July 31: Watercare and Auckland Council get a roasting
An independent review into Auckland's five council-controlled organisations, chaired by Miriam Dean, QC, does not make pretty reading for Watercare and the council.
Dean, consultant Doug Martin and former Manukau City Council chief executive Leigh Auton said the drought was outside the scope of the review, but the issue came up in feedback. Many considered Watercare was unprepared and some foresight to provide extra capacity could have avoided water restrictions.
The review noted Watercare and the council had no joint response plan and "the council had no water strategy to, among other things, describe how much capacity the system should have to deal with such weather-related events".
When the review looked at Watercare's most recent audit and risk committee report from January 2020 it "did little more than describe such a risk as a 'failure to meet short-term water demand due to loss of supply or high consumer demand'."
The review also touched on Watercare's pricing and its legal obligation to keep prices to a minimum while maintaining its networks.
One former senior council manager said: "To have good reliable services, we will have to pay more." Another council manager put it more bluntly: "Watercare's price path is too low."
Watercare's response was that past investment allowed it to keep prices low.
The review was highly critical of the council's oversight of the CCOs.
"The council's many plans, policies and strategies offer almost no practical strategic direction to CCOs. They do not contain careful, detailed information about the council's expectations of CCOs so they can set their work programmes and priorities accordingly."
Goff: Auckland cannot afford to play Russian roulette with water
In an interview with the Herald this week, Goff said Watercare and the council did not anticipate the water crisis, nor was it sufficiently ready for it.
He said Watercare was working on the premise it had enough water to meet the city's growth up to the 2030s, but could not foresee a serious drought in the first six months of last year followed by an even worse drought in the first six months of this year.
"I'm not blaming them for not having 20/20 hindsight," he said.
When the seriousness of the drought dawned on him, Goff said it became obvious the city could not play "Russian roulette" with the water supply.
He said the job now was to build a more resilient system, which meant having more water than was needed in a normal dry year - the opposite of Watercare's drought response.
Goff said the council had to bear some responsibility, saying it did not have a proper water strategy and, like Watercare, was not sufficiently prepared.

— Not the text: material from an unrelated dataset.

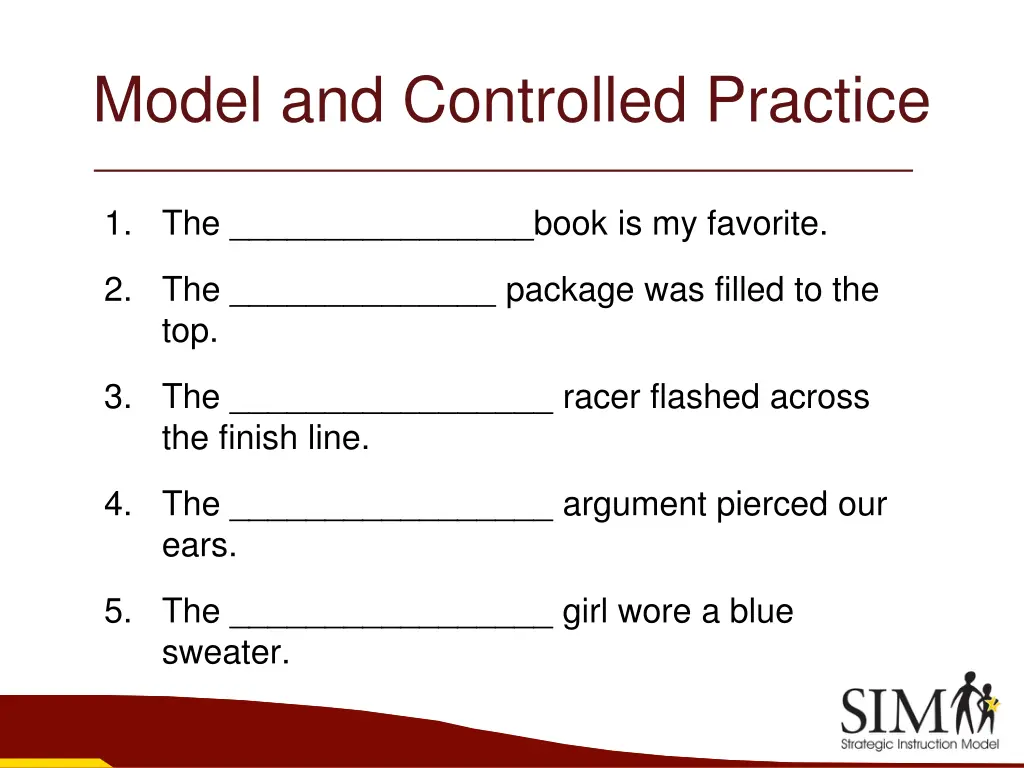 model and controlled practice 1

Since the council picked up on the crisis, he said, it was acting at pace - "hopefully at sufficient pace to get us through this summer".
Dr Joel Cayford, a planner and former Auckland Regional councillor, describes Auckland's water crisis as the worst-managed drought in 100 years.

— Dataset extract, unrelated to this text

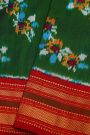 Ikat Silk Bottle Green Saree With Floral And Leaves Body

He said in 1994 it was the four former city councils working with residents who beat the drought. Since then, Watercare had come under the control of Auckland Council.
"This time Auckland Council's governance, leadership and performance has been abysmal," Cayford said.
Others have been scathing of Watercare and the council.
Waikato Regional Council chairman Russ Rimington has said Watercare "dropped the ball with its strategic planning" and has no Plan B.
Councillor Daniel Newman says the council has to address its responsibility as the shareholder of the water company and accused the Watercare board of being asleep at the wheel.
"The board has been as active as an Easter Island statue," he said.
In a statement issued by Watercare this week, the council-owned business said it had the infrastructure and was prepared to respond to droughts.
Communications manager Rachel Hughes said Watercare invested in infrastructure to stay ahead of population growth and maintained enough headroom between demand and supply.
She said mandatory water restrictions and projects to boost the city's water supplies were to ensure Auckland has sufficient water to see it through a drought worse than the one-in-200-year standard.
"We are undertaking these measures now because we do not know how long it will take to recover from the drought, especially as the seasonal forecast is for drier than normal conditions."
Hughes said making infrastructure "drought-proof" would require highly expensive desalination plants and recycling water that could take years to gain public support.
She said there had been relatively normal rainfall over winter, but more had fallen in the west, filling up the Waitākere dams, and leaving the large dams in the Hunua Ranges still recovering.
"Our total storage across our dams is 67 per cent full, compared with a historical average of 88 per cent for this time of year."